UN ESPRIT QUI CROIT RÊVER.

1. — On a souvent vu des Esprits qui se croient encore vivants, parce que leur corps fluidique leur semble tangible comme leur corps matériel ; en voici un dans une position peu commune : tout en ne se croyant pas mort, il a conscience de son intangibilité ; mais comme de son vivant il était profondément matérialiste, de croyance et de genre de vie, il se figure qu’il rêve, et tout ce qu’on lui a dit n’a pu le tirer de son erreur, tant il est persuadé que tout finit avec le corps. C’était un homme de beaucoup d’esprit, écrivain distingué, que nous désignerons sous le nom de Louis. Il faisait partie de la troupe des notabilités qui partirent au mois de décembre dernier pour le monde des Esprits. Il y a quelques années, il vint chez nous, où il fut le témoin de divers faits de médiumnité ; il y vit notamment un somnambule qui lui donna des preuves évidentes de lucidité, pour des  choses qui lui étaient toutes personnelles, mais il n’en fut pas plus convaincu de l’existence d’un principe spirituel.


« Dans une séance du groupe de M. Desliens, le 22 décembre, il vint spontanément se communiquer par l’un des médiums, M. Leymarie, sans que personne songeât à lui. Il était mort depuis une huitaine de jours. Voici ce qu’il fit écrire :

« Quel rêve singulier !… Je me sens entraîné par un tourbillon dont je ne comprends pas la direction… Quelques amis que je croyais morts m’ont convié à une promenade, et nous voilà emportés. Où allons-nous ?… Tiens ! étrange plaisanterie ! Dans un groupe spirite !… Ah ! la plaisante farce, de voir ces bonnes gens consciencieusement réunis !… Je connais une de ces figures… Où l’ai-je vue ? Je ne sais… (C’était M. Desliens qui se trouvait à la séance mentionnée plus haut). Peut-être chez ce brave homme d’Allan Kardec, qui voulut une fois me prouver que j’avais une âme, en me faisant palper l’immortalité. Mais vainement on fit appel aux Esprits, aux âmes, tout manqua ; comme dans ces dîners trop cuits, tous les plats servis furent ratés et bien ratés. Je ne soupçonnais pourtant pas la bonne foi du grand-prêtre ; je le crois un honnête homme, mais une fière dupe des Esprits de la soi-disant erraticité.

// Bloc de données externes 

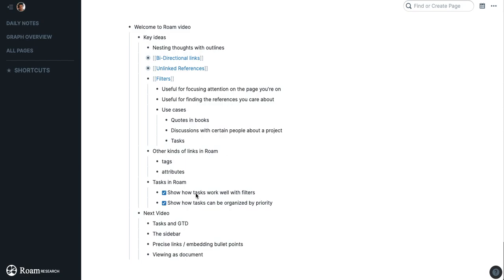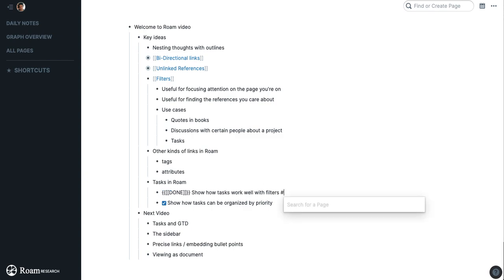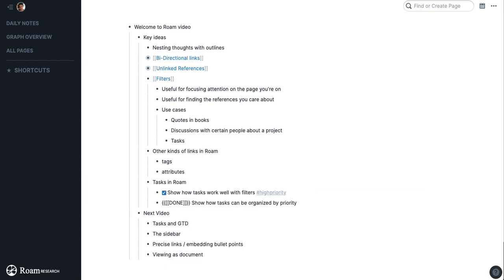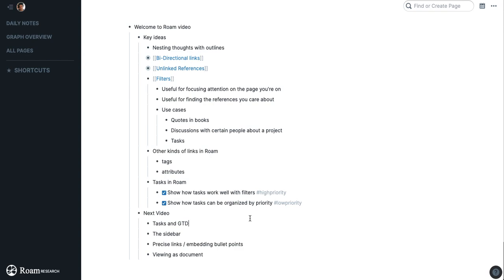There's one other way to make links in Roam that you may find helpful. They work the same as other links except they have to be only a single word, and that is to use the hashtag.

« Je vous ai entendus, messieurs et mesdames, et je vous présente mes respects empressés. Vous écrivez, ce me semble, et vos mains agiles vont, sans doute, transcrire la pensée des invisibles !… spectacle innocent !… rêve insensé que je fais là ! En voilà un qui écrit ce que je me dis à moi-même… Mais vous n’êtes pas amusants du tout, ni mes amis non plus, qui ont des figures compassées comme les vôtres. (Les Esprits de ceux qui étaient morts avant lui, et qu’il croit voir en rêve.)

« Eh ! certes ! c’est une manie étrange chez ce vaillant peuple français ! On lui a soustrait tout à la fois l’instruction, la loi, le droit, la liberté de penser et d’écrire, et il se jette, ce brave peuple, dans les rêvasseries et les rêves. Il dort tout éveillé, ce pays des Gaules,  †  et c’est merveille de le voir agir !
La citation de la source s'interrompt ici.